• Records supplied:
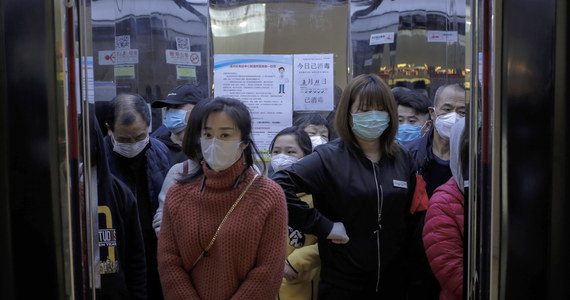 Okres szczytowy rozprzestrzeniania się nowego koronawirusa w Chinach minął, epidemia jest na stosunkowo niskim poziomie – ogłosił w czwartek rzecznik państwowej komisji zdrowia Mi Feng, cytowany przez państwową telewizję CCTV.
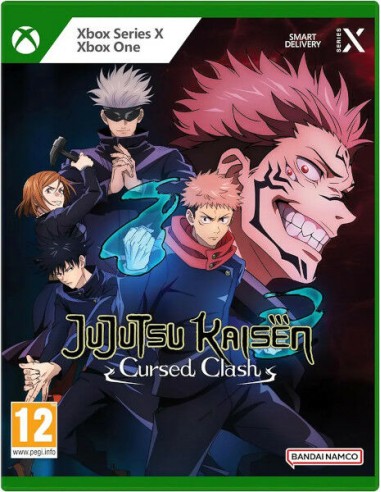 Jujutsu Kaisen: Cursed Clash (Xbox...
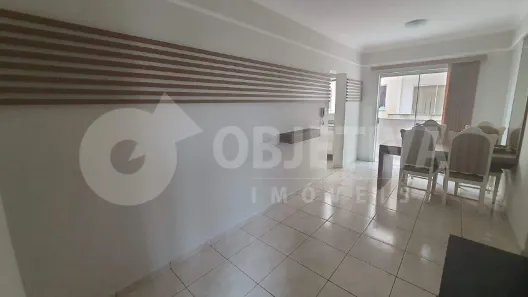 Apartamento com 2 Quartos para alugar, 70m² no Santa Mônica, Uberlândia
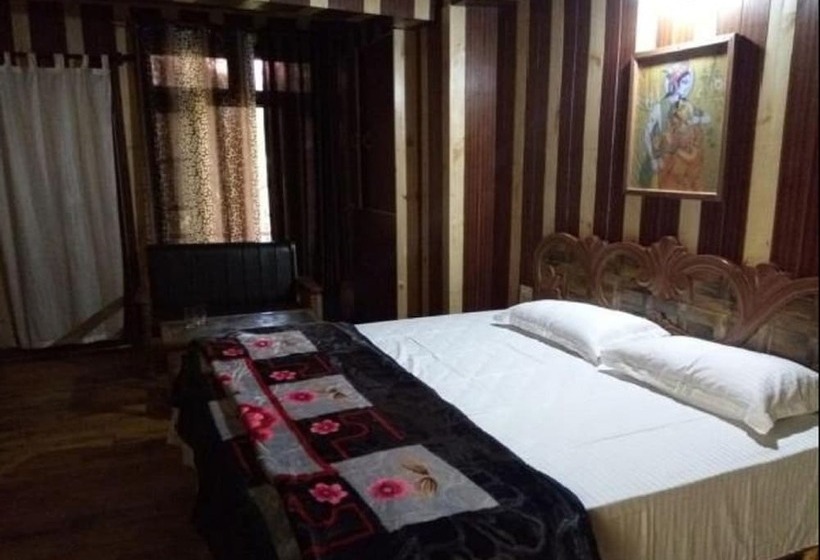 בית מלון כפרי Mountain Orchid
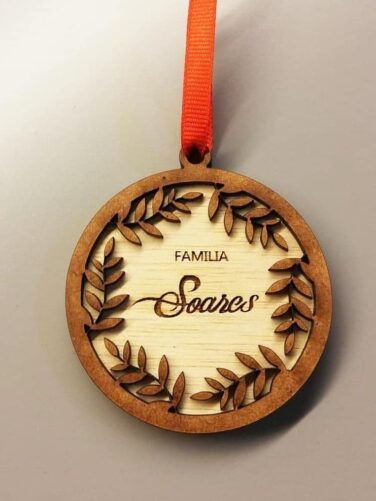 Decoração arvore de natal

• Prompt: Once the line holding "בית מלון כפרי Mountain Orchid" is found, copy it and each later line exactly through the end of the data, leaving out the pictures.

• Expected answer:
 בית מלון כפרי Mountain Orchid
 Decoração arvore de natal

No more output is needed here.